Re: Common Descent: From Monkey To Man

From: Josh Bembenek (jbembe@hotmail.com)
Date: Tue Apr 01 2003 - 16:21:03 EST

  • Next message: Bill Payne: "Re: Paraconformities (was test questions)"

    Preston-

    "What seems to be going on here, at least as interpreted by the researchers,
    is not site specific insertion, but selection for cells in which the virus
    inserted near a particular gene. I'm not a gene therapy expert, but I think
    it works like this. They isolate some pre-lymphocyte cells of a particular
    type from the patient and transform them in mass with the engineered
    retrovirus vector. They may then select for cells that have the vector
    incorporated, based on some selectable marker in the vector. I'm not sure
    that they would do that or not. They would do it if the transformation is
    inefficient. But they didn't apparently clone from a single transformant
    cell, since they assume in their analysis that the cells they injected back
    into the patient had the vector inserted at various sites. After the cells
    are in the patient, some of them behave well and go to the marrow and start
    producing the desired corrected lymphocytes. However, it turns out that some
    element(s) of this virus can interact "in cis" (if the virus inserts next to
    or within) with this LMO1 gene to give a cell that is unregulated for growth
    and/or programmed cell death. That rare cell grows out to give the leukemia.
    The reason it happened in two patients is that they are transforming and
    injecting enough cells to make it fairly likely that in each patient at
    least one cell will have the insertion somewhere near the LMO1 gene.
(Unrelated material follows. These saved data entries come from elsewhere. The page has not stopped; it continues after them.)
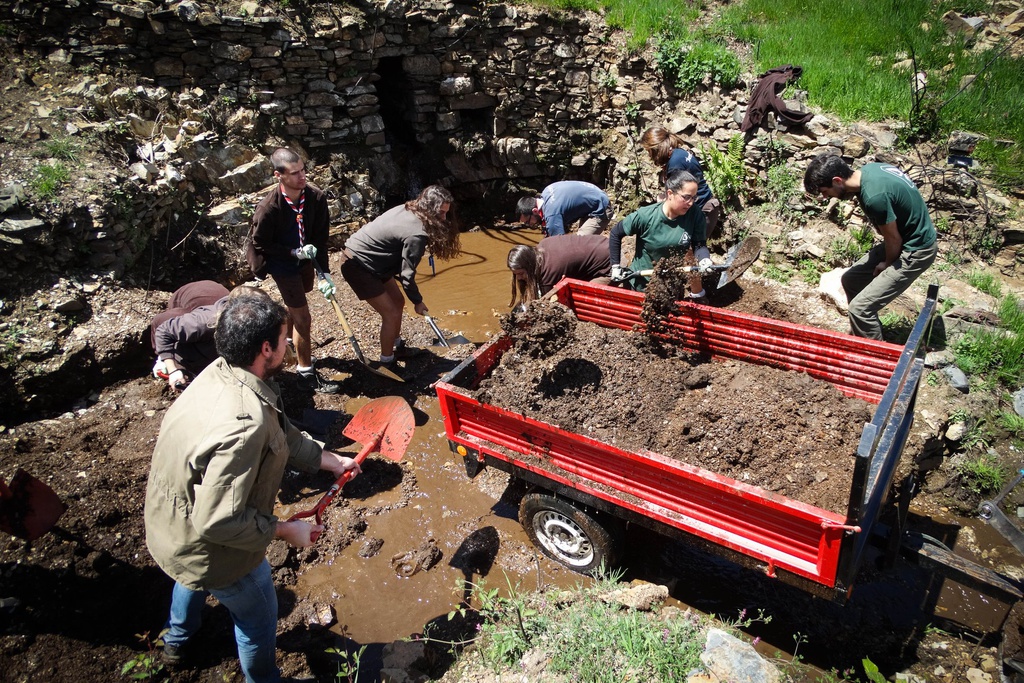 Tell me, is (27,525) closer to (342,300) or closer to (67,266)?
(67,266)

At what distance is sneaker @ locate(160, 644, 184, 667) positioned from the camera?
285 centimetres

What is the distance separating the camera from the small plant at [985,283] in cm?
487

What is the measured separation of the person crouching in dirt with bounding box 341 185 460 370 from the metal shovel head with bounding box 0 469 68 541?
2424mm

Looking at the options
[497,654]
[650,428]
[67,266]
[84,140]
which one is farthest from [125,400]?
[650,428]

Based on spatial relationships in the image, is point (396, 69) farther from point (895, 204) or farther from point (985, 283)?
point (985, 283)

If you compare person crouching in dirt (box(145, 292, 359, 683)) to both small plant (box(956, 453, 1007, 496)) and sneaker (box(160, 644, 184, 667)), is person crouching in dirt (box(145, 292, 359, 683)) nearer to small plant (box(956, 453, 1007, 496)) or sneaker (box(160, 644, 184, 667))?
sneaker (box(160, 644, 184, 667))

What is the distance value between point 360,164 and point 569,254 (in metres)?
4.46

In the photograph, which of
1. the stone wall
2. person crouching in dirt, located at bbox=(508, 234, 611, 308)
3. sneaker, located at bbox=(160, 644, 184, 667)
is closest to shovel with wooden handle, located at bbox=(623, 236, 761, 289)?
person crouching in dirt, located at bbox=(508, 234, 611, 308)

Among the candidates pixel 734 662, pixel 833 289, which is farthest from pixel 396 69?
pixel 734 662

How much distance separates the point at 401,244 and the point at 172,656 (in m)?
3.07

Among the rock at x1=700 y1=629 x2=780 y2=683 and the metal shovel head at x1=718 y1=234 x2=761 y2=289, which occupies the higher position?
the metal shovel head at x1=718 y1=234 x2=761 y2=289

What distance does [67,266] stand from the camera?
511 cm

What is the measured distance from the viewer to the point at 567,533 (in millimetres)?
3396

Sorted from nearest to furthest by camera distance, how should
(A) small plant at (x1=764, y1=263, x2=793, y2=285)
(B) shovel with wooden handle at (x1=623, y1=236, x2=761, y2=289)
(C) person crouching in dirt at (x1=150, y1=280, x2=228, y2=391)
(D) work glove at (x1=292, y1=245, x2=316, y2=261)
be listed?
(C) person crouching in dirt at (x1=150, y1=280, x2=228, y2=391) → (D) work glove at (x1=292, y1=245, x2=316, y2=261) → (B) shovel with wooden handle at (x1=623, y1=236, x2=761, y2=289) → (A) small plant at (x1=764, y1=263, x2=793, y2=285) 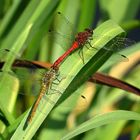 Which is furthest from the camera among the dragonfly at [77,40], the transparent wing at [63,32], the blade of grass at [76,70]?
the transparent wing at [63,32]

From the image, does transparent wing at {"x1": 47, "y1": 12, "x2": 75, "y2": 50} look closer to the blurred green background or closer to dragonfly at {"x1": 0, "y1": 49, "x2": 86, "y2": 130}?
the blurred green background

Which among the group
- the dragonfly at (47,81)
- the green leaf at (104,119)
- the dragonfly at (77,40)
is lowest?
the green leaf at (104,119)

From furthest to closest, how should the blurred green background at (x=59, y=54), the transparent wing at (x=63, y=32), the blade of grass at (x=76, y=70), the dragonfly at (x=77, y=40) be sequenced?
the transparent wing at (x=63, y=32) → the blurred green background at (x=59, y=54) → the dragonfly at (x=77, y=40) → the blade of grass at (x=76, y=70)

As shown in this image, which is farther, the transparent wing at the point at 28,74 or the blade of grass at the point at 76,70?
the transparent wing at the point at 28,74

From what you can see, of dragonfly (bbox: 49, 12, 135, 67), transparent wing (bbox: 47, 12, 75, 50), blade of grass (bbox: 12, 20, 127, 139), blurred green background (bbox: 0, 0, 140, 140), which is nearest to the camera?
blade of grass (bbox: 12, 20, 127, 139)

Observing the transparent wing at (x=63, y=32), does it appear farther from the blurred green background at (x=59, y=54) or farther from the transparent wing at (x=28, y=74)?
the transparent wing at (x=28, y=74)

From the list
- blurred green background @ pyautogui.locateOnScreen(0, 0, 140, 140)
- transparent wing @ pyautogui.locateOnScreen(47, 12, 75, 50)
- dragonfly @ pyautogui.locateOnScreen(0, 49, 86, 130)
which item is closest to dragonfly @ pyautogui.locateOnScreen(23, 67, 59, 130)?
dragonfly @ pyautogui.locateOnScreen(0, 49, 86, 130)

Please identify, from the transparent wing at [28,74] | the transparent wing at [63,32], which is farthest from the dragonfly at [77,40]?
the transparent wing at [28,74]

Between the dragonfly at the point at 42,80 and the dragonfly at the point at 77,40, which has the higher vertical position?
the dragonfly at the point at 77,40

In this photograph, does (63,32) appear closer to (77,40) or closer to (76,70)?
(77,40)

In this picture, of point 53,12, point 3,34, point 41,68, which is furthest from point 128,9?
point 41,68

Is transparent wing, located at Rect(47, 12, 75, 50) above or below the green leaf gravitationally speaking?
above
Of
    course, it would be interesting to know if the two insertions occurred at
    exactly the same site or only in the same vicinity, which is much more
    likely. There are such things as hotspots for virus insertion, probably
    based on chromatin structure or sites related to normal recombination. It's
    possible something like that contributed here, but I believe that in general
    retroviruses are not very site specific."

    -This is exactly why I've been pondering this piece of evidence for a while.
      Since viruses supposedly jump into the genome completely at random, the
    only way to get viruses integrated into the same site in the genome is to
    have an ancestor obtain the viral incorporation, then pass it on to the
    progeny. This requires incorporation into the genome of Gametes, but within
    one infected individual who knows the number of possible viral incorporation
    into gametes, and then there's the issue of that gamete being passed on...

    "As to your larger question on endogenous retroviruses at the same site in
    different species, a mechanism corresponding to that above would require
    that there be a selective advantage of the insertion at the same exact
    location for both species."

    -Why is this so? Two requirements for similar site insertions across
    species come to mind: gametes must be infected, and similar variables must
    lead to similar insertions (either virus has some unknown specificity for
    something like non-methylated DNA or degree of chromatin
    condensation/silencing...) If the insertions are neutral, they will be
    retained in the genome, because they will simply piggyback with the
    chromosome when DNA duplication occurs. I don't know of any virus element
    editing mechanisms during genome duplication that would get rid of any
    inserted virus. Also, are known viral insertions demonstrated to be
    conferring selective advantage to the host?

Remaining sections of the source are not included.